- The input -
+++++
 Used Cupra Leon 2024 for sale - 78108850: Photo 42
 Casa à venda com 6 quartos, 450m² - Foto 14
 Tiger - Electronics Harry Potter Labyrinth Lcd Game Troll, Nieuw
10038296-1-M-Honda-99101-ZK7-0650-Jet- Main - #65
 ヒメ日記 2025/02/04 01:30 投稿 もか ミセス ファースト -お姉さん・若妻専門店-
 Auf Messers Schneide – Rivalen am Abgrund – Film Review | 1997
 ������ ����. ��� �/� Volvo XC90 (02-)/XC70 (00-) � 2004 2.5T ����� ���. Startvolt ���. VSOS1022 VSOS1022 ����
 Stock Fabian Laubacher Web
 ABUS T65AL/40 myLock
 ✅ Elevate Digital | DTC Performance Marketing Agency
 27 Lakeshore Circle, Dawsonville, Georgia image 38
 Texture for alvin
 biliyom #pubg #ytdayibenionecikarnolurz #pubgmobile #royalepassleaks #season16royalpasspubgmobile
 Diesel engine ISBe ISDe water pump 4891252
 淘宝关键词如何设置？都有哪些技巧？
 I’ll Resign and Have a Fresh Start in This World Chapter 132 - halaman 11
+++++
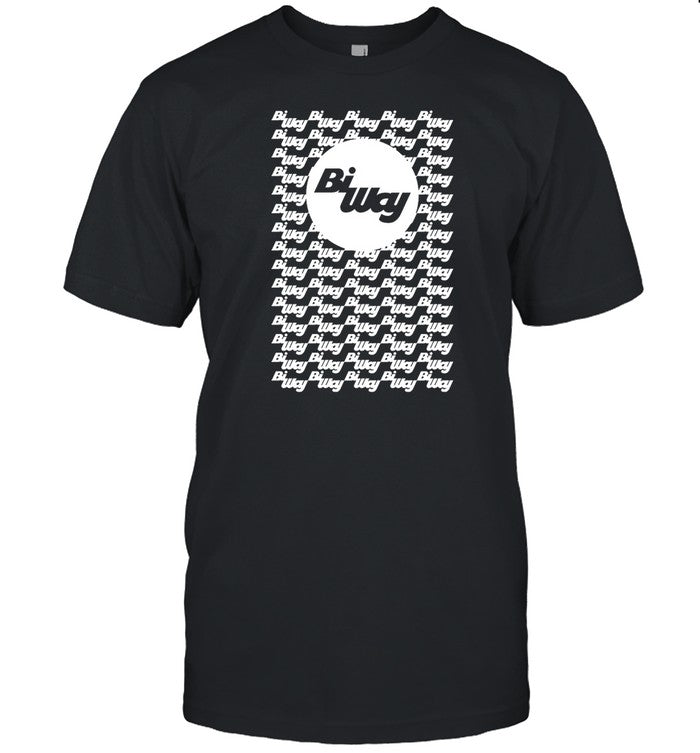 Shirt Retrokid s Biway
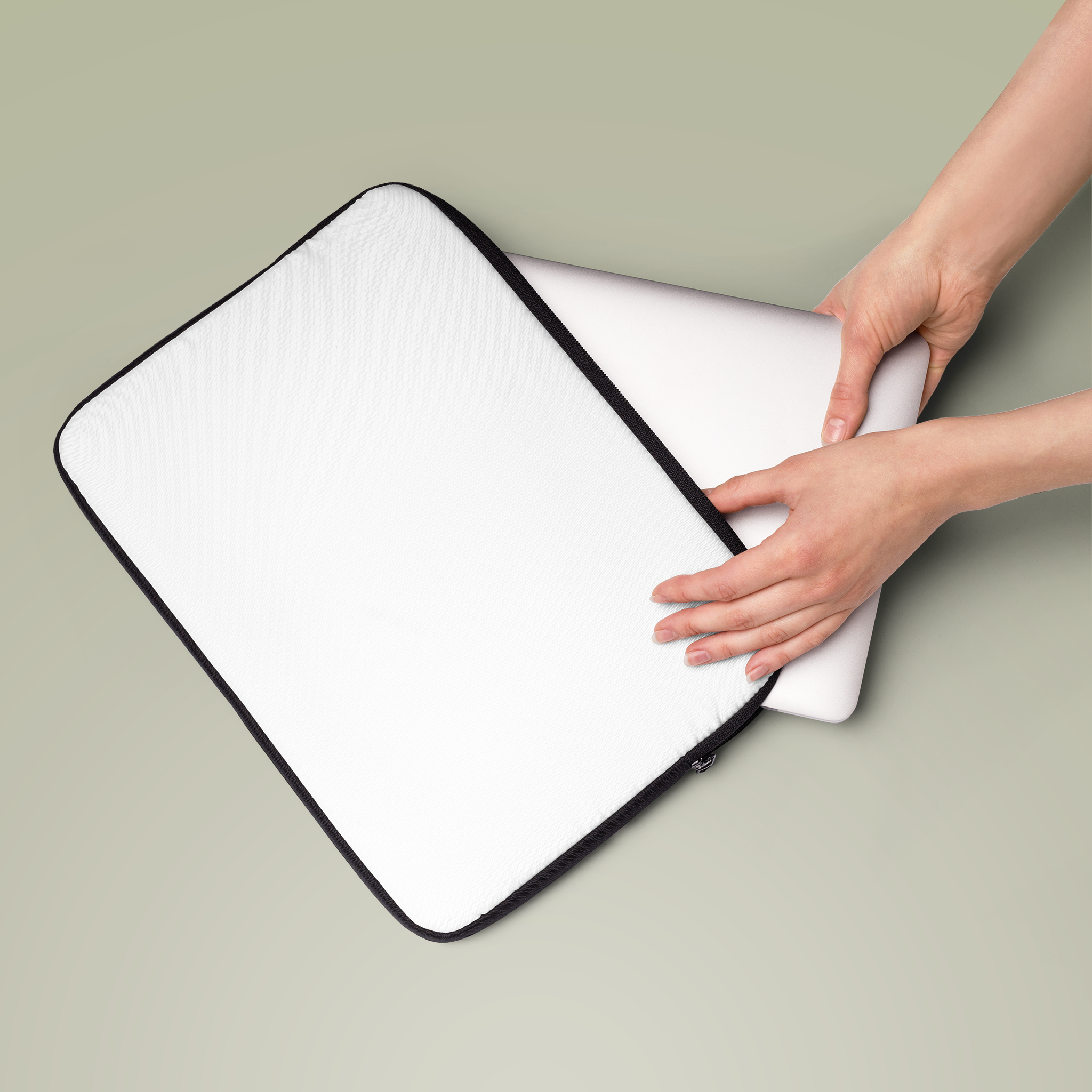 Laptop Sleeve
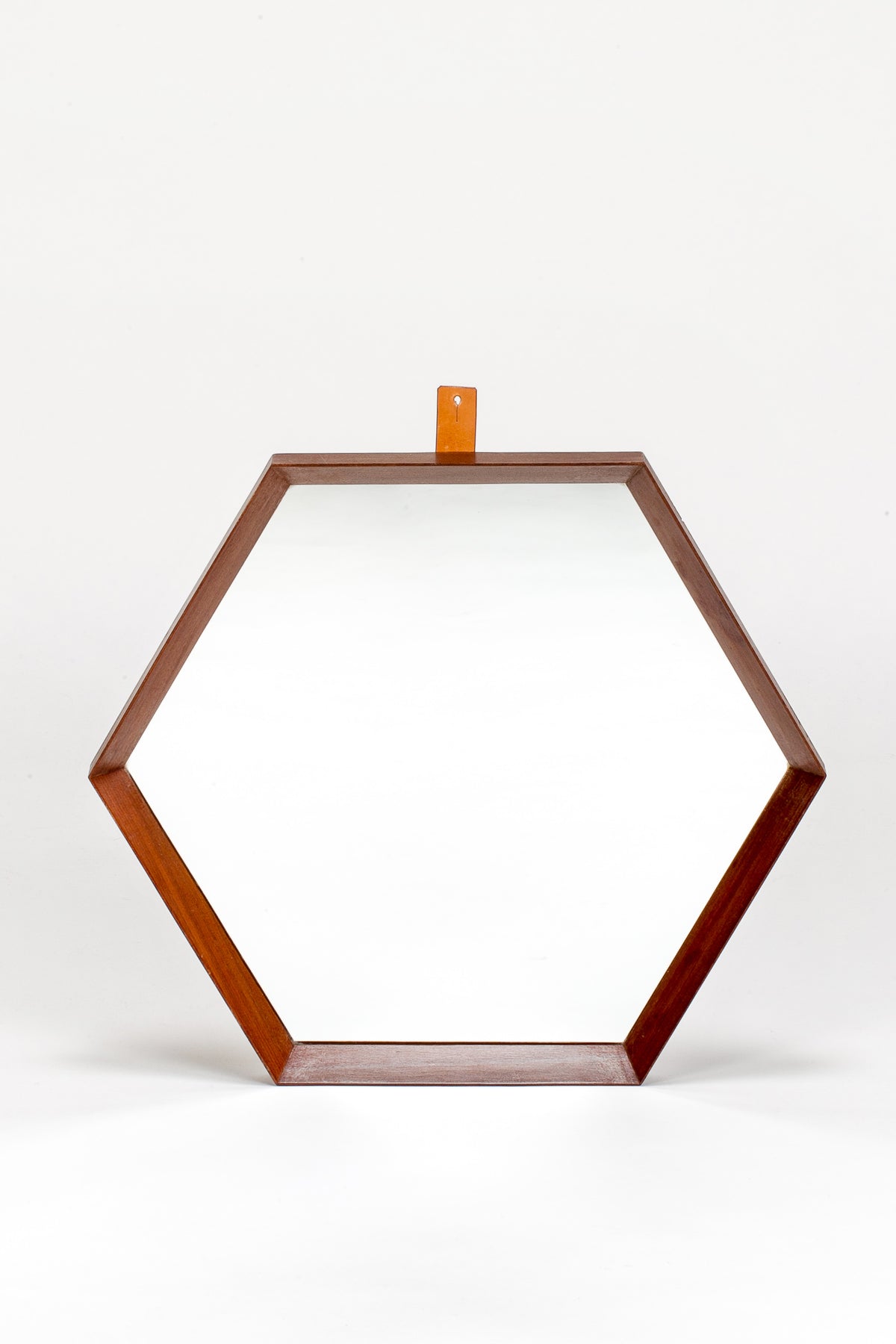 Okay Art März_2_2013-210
+++++
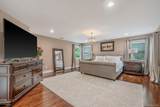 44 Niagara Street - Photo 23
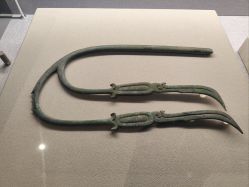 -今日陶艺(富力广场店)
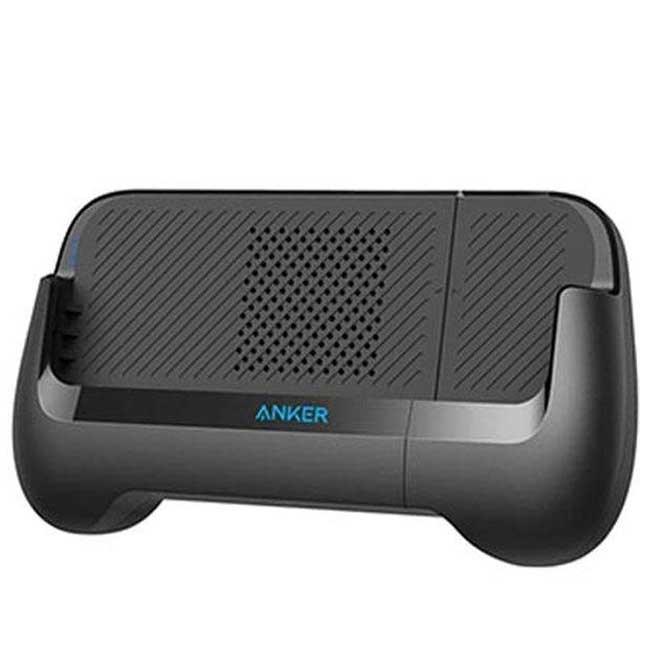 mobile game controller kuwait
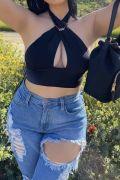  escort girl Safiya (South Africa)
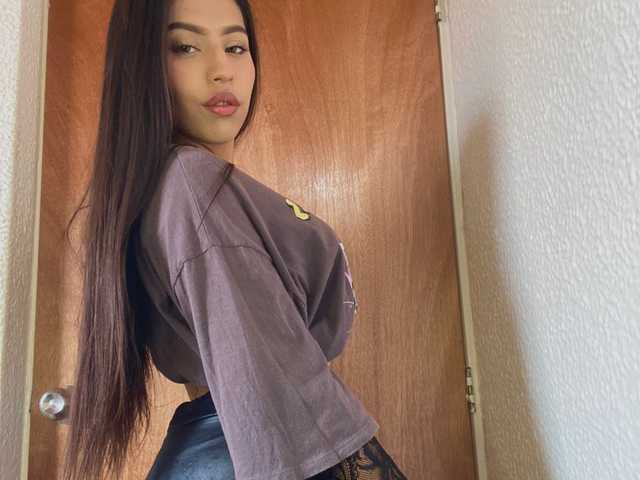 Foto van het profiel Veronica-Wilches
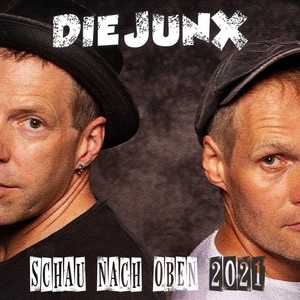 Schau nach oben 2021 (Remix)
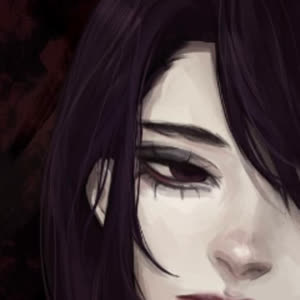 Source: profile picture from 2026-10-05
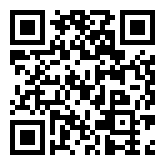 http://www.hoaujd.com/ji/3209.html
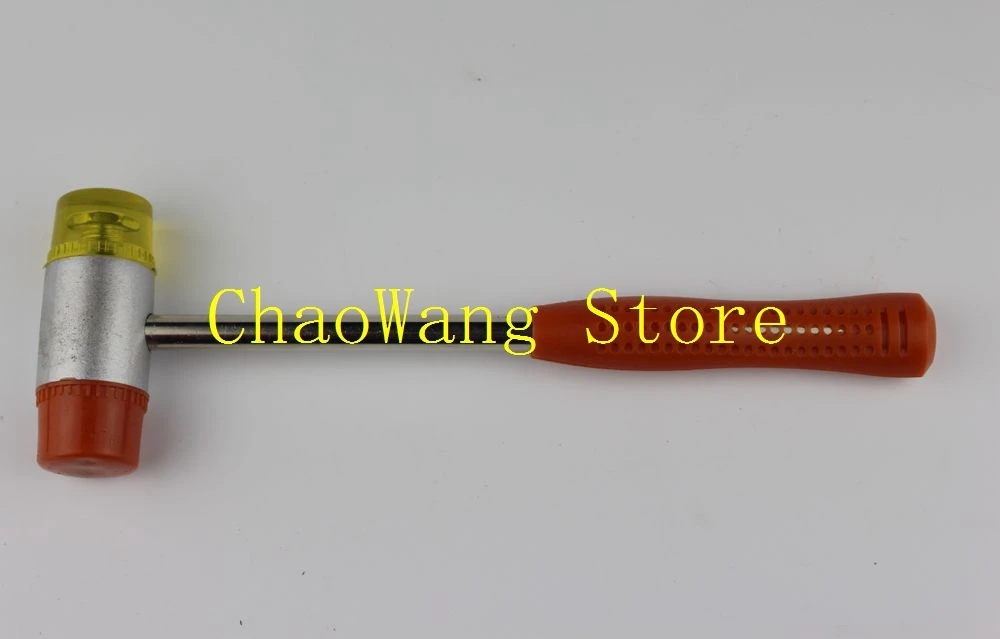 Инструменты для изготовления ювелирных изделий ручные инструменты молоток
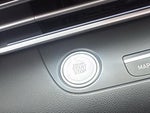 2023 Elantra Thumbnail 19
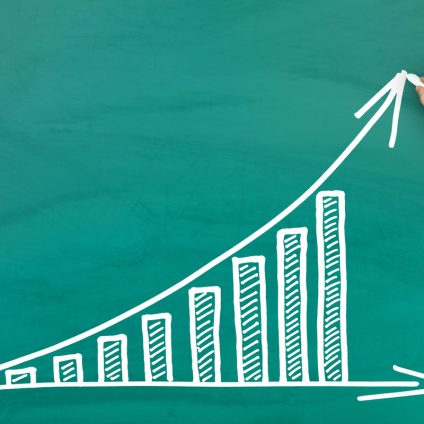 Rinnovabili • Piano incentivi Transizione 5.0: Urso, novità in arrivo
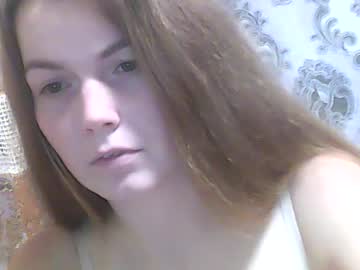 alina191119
+++++
- What is being asked -
In the listing above, locate the line containing "27 Lakeshore Circle, Dawsonville, Georgia" and the line containing "淘宝关键词如何设置？都有哪些技巧？", then transcribe both and every line between them verbatim.

- Result for this task -
 27 Lakeshore Circle, Dawsonville, Georgia image 38
 Texture for alvin
 biliyom #pubg #ytdayibenionecikarnolurz #pubgmobile #royalepassleaks #season16royalpasspubgmobile
 Diesel engine ISBe ISDe water pump 4891252
 淘宝关键词如何设置？都有哪些技巧？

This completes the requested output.